Anne Thiery, policière : "Le harcèlement scolaire fait partie des délits"

Anne Thiery est fonctionnaire de police à Cambrai. Elle intervient régulièrement sur le thème du harcèlement et du cyber-harcèlement dans les établissements des environs. Pour la journée nationale de lutte contre le harcèlement à l’école, ce jeudi 9 novembre, elle avait rendez-vous avec les élèves de sixième du collège Jules-Ferry.

Comment procédez-vous pour sensibiliser les élèves ?

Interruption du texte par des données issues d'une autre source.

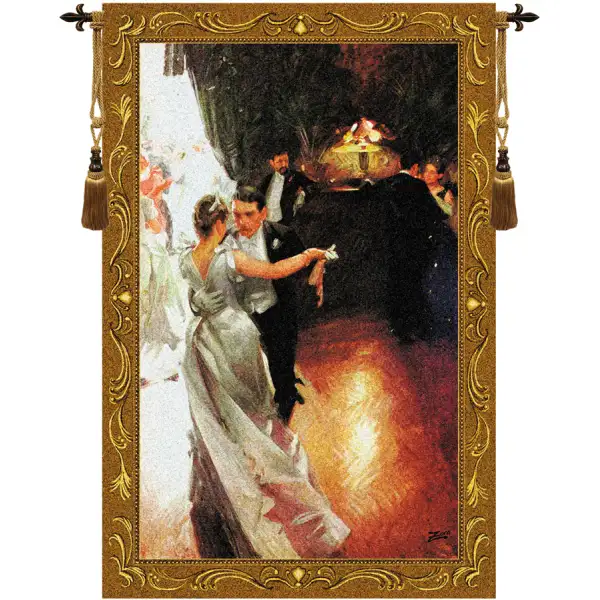 The Waltz Fine Art Tapestry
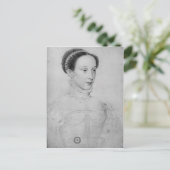 Mary Queen of Schotten, 1559 Postkarte (Stehend Vorderseite)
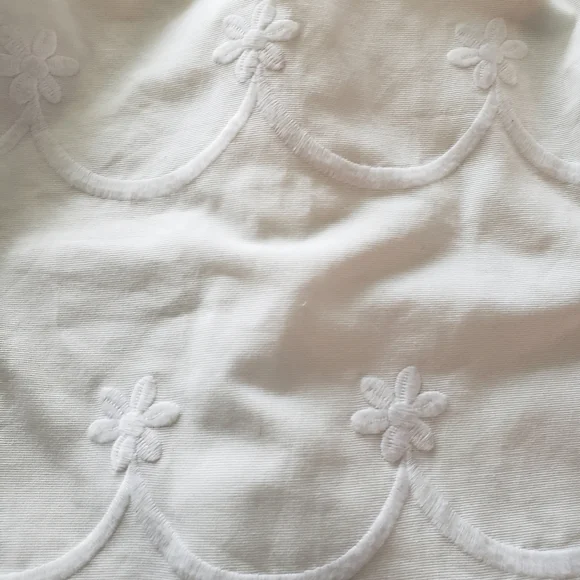 Host Pick 🥂 Lilly Pulitzer White Embroidered Floral Stapless Mini Dress - Picture 4 of 12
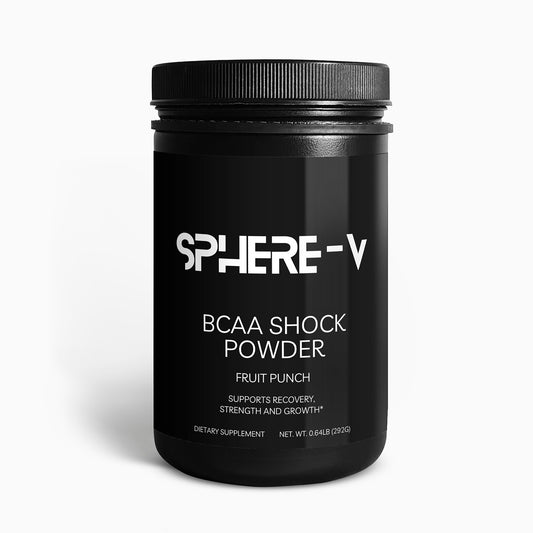 BCAA Shock Powder (Fruit Punch) - Sphere Five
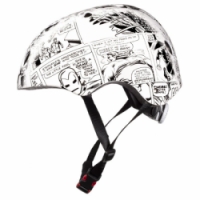 přilba SEVEN sportovní Avengers Comics bílá M 52-56cm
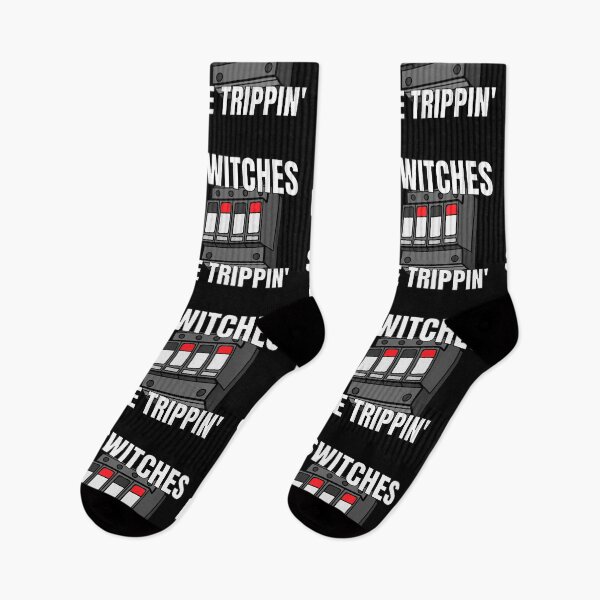 Item preview, Switches Be Trippin | Funny Electrician Shirts designed and sold by LBAMLLC.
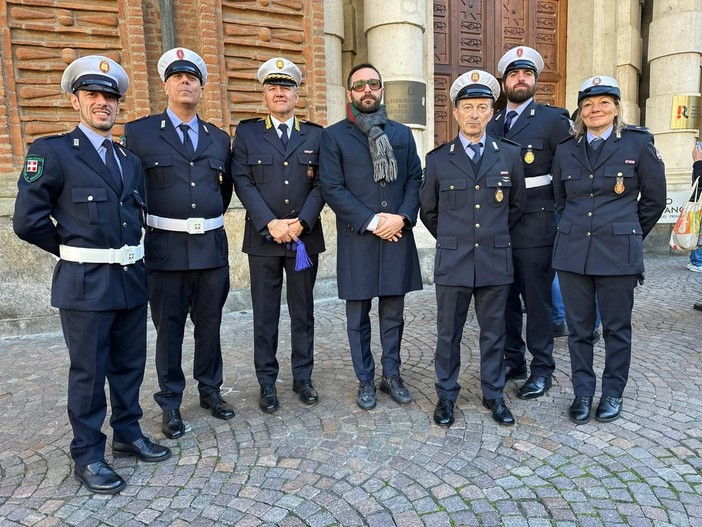 Tre nuovi agenti della Polizia locale in arrivo a Grugliasco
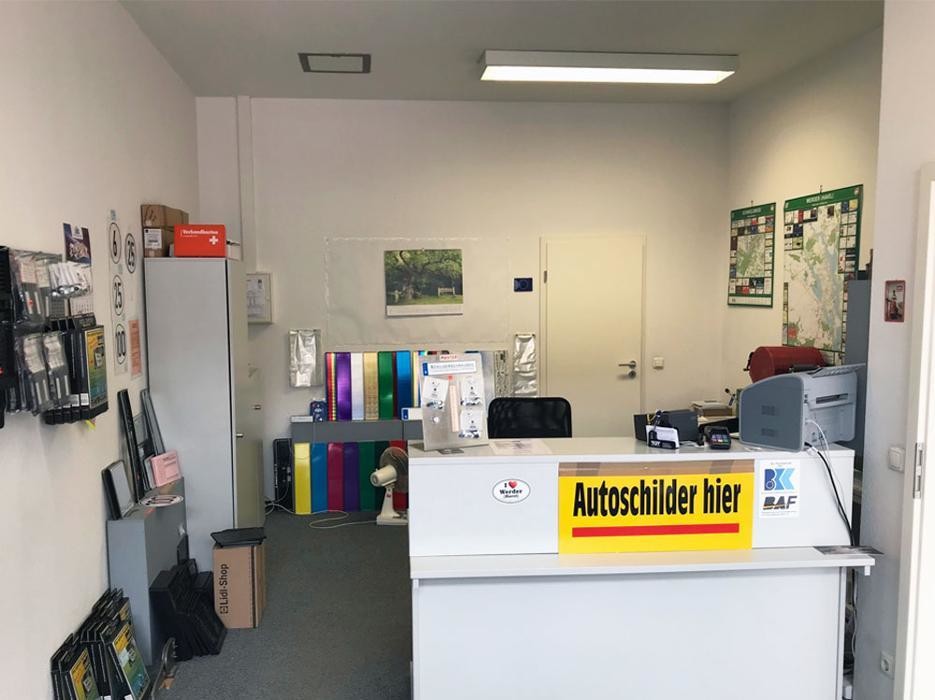 Bilder Autoschilder & Zulassungen ARS Werder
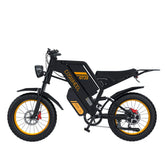 60V 40Ah 2000W Dual-Battery Fat Tire Electric Bike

Anne Thiery : D’abord, je définis avec eux la notion de harcèlement. Je leur demande de verbaliser ce sujet par des mots pour qu’on sache bien de quoi on parle. On n’est pas sur des disputes de cours de récréation. En fin de séance, je leur passe une petite vidéo explicative, et on en discute. Je mets le point sur le fait qu’ils osent en parler, qu’ils n’aient pas peur d’aller vers leurs camarades, vers les adultes. Qu’il y ait une bienveillance ! Les jeunes sont beaucoup sur les réseaux, sur leur téléphone, donc ça crée des tensions. 

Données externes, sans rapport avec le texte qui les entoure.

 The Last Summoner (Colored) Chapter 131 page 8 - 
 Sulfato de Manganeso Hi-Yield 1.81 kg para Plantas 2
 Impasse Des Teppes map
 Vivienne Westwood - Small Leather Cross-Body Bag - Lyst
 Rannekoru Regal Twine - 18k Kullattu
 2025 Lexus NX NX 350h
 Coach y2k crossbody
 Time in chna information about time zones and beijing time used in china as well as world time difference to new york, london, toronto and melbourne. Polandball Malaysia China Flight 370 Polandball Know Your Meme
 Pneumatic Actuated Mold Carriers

Vous trouvez que ça s’est dégradé depuis que vous avez commencé vos interventions ?

A. T. : Oui ! Avant, la collègue que j’ai remplacée, ne faisait pas encore d’intervention dans les classes primaires sur cette thématique. Maintenant, j’ai pas mal de demandes pour intervenir en CM1 et CM2, parce qu’ils ont déjà des téléphones à leur âge, et vont sur les réseaux sociaux de plus en plus tôt. Les parents ne prennent pas conscience des dangers d’Internet. Ils ne se rendent pas trop compte de l’univers dans lequel évoluent leurs enfants, et ce qu’ils font derrière ! C’est surtout au cours de mes onze années de procédure judiciaire, que j’ai vu une montée en puissance des problèmes de harcèlement, systématiquement en lien avec les réseaux sociaux. C’est pour ça aussi, qu’on met en place des groupes de parents avec lesquels j’interviens pour faire de la prévention. 

Les collégiens que vous rencontrez, ont-ils conscience de cette notion de harcèlement ?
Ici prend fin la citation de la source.